> [DIRECTIONS FOR THIS TASK] Transcribe every record beneath, precisely as written.

[INPUT FOR THIS TASK — start]

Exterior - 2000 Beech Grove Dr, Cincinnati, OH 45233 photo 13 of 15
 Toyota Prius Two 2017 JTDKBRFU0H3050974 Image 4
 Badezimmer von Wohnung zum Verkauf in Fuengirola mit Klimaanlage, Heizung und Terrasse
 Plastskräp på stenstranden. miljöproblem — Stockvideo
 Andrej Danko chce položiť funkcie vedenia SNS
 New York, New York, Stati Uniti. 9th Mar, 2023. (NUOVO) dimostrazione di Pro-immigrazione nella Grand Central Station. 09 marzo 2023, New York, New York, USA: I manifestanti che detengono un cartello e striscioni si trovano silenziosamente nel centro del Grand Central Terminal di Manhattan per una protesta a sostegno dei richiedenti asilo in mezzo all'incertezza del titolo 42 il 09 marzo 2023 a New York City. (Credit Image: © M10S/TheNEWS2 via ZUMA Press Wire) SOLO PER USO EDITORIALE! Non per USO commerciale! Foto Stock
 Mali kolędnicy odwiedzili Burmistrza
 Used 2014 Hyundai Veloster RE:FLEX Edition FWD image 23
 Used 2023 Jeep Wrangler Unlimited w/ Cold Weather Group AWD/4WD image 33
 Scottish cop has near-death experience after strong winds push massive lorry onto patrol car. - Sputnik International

[INPUT FOR THIS TASK — finish]

> [TASK OUTPUT]
Exterior - 2000 Beech Grove Dr, Cincinnati, OH 45233 photo 13 of 15
 Toyota Prius Two 2017 JTDKBRFU0H3050974 Image 4
 Badezimmer von Wohnung zum Verkauf in Fuengirola mit Klimaanlage, Heizung und Terrasse
 Plastskräp på stenstranden. miljöproblem — Stockvideo
 Andrej Danko chce položiť funkcie vedenia SNS
 New York, New York, Stati Uniti. 9th Mar, 2023. (NUOVO) dimostrazione di Pro-immigrazione nella Grand Central Station. 09 marzo 2023, New York, New York, USA: I manifestanti che detengono un cartello e striscioni si trovano silenziosamente nel centro del Grand Central Terminal di Manhattan per una protesta a sostegno dei richiedenti asilo in mezzo all'incertezza del titolo 42 il 09 marzo 2023 a New York City. (Credit Image: © M10S/TheNEWS2 via ZUMA Press Wire) SOLO PER USO EDITORIALE! Non per USO commerciale! Foto Stock
 Mali kolędnicy odwiedzili Burmistrza
 Used 2014 Hyundai Veloster RE:FLEX Edition FWD image 23
 Used 2023 Jeep Wrangler Unlimited w/ Cold Weather Group AWD/4WD image 33
 Scottish cop has near-death experience after strong winds push massive lorry onto patrol car. - Sputnik International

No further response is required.